Wednesday, August 31, 2016

Facebooking a Book of Faces

A FRIEND asked me. What is ethical or better--to unfriend someone or simply wait for the person to unfriend him/herself (by quietly leaving your list). For me, unfriending someone is pretty much kicking that individual out of your house. Harsh. Seldom I do that since mere presence in my house means I allowed it. But there are times when the person starts to annoy you like a cockroach, so you offer reminders to behave as per your "rules" since it's your house, your unit. (Facebook owns the building.) So if both of you mutually start to irk each other, then I unfriend. But usually I just let the person take the initiative to unfriend themselves quietly. It's a simple case of, if I visit a house or bar and I don't like what's in there or what the host is mumbling about, I just scoot out pronto. No harm no foul. Done.
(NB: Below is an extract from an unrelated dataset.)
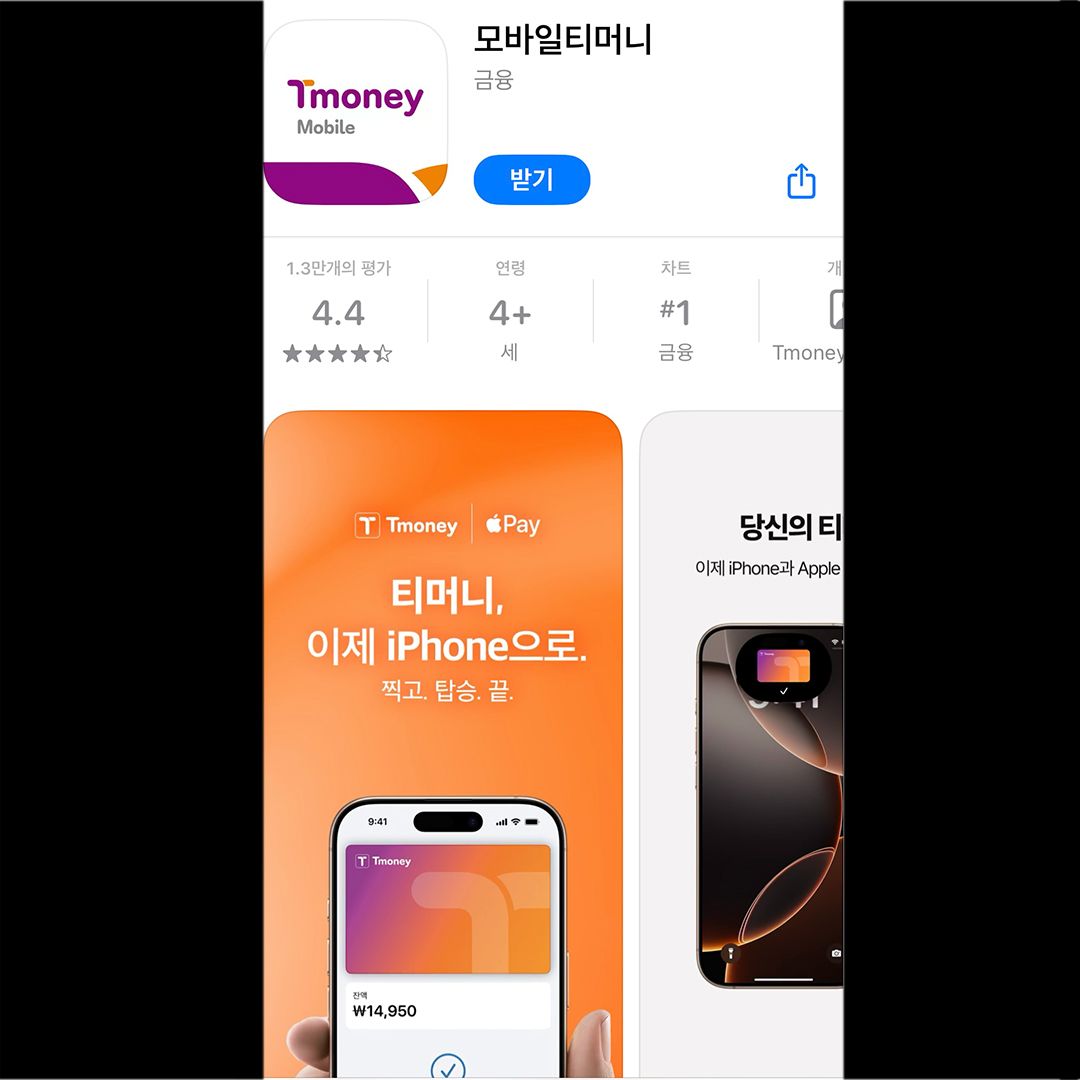 T-moneyカード | 韓国の交通｜韓国旅行「コネスト」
          I do believe that an essentially accessible platform/venue like Social Media or Facebook, newspapers and TV and radio--are meant to gather people together to engage and dialogue for mutual good in pursuit of a realizable harmony in this world and to promote good and beautiful things (not the opposite). NOT to project dominance over the other or to widen the cracks that divide us. So I freely invite people who seem to be different from me. Talk. Speak. The road to mutual cool is never easy. We will argue and fight but we may agree later. That's my philosophy. But there are also instances when tolerance takes so much energy and time out of you. Time and energy that should have been used or consumed with those who are willing to compromise and negotiate. So unfriend. That's pretty much how I deal with my life, outside of the internet.
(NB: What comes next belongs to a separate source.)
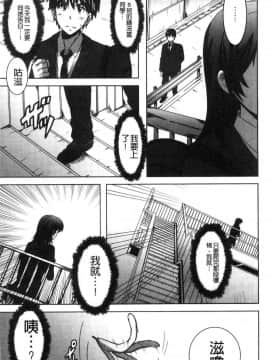 [風的工房][PONPON] ひめごとえっち 很私密的愛愛_078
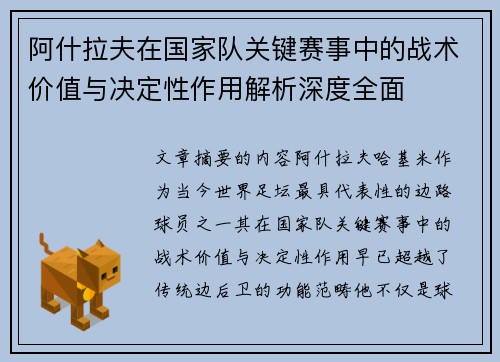 comment-img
FACEBOOK and the (our) Wall that we need to climb and later turn into a bridge. Or why we can't get along? I TREAT my Facebook Wall as my house--that dabbles as my stage, living room, playground, magazine, porch, and frontyard. And although I share pics of my tiny bedroom, I don't share intimate details of my personal life other than I am Single and Heterosexual. Of course, I openly write that I am born Catholic, believes in God but not religious, Ananda Marga initiate, embraced Cherokee Nation, trained by a Buddhist ascetic, activist on the Left field. And I dated a Wiccan High Priestess and Born-again Christian and a Communist hardcore etc. Those are already TMI to some, right? I don't mind you knowing it--but no I am not going to tell y'all that one or two of those aftermidnight poems were written for her or her and not her, LOL! "Own" the poem and share it with your sweetheart, for what it's worth--that's the purpose of my poems.
          I share family stuff and things that I feel inspire universal good but not the dirty laundry (which is a normal in all of us, right?) although our share of "dirty laundry" aren't really that dramatic comparatively although I am sure dirty laundry in some of my siblings' house are piling up, literally (especially in Alma's). Uh huh, but not in mine or in my bro Alberto's because we are both OCDs (I am talking about the literal, okay?)
          But this is fun, you know. Fun! My Facebook is me. Serious-acerbic-condescending-highly opinionated. I straddle the middle so much so that I confuse people which side of the fence I am with or in. You gotta spend time with me to know--because the truth is, I adjust my elastic girth as per the world/life's changes although you can never force me to eat lots of breaded food or tolerate nasty kitchen sinks piled up with unwashed plates and yes, no unmade beds! I am a freakin' bedroom boy with a bedroom voice (again, the literal kind, yup).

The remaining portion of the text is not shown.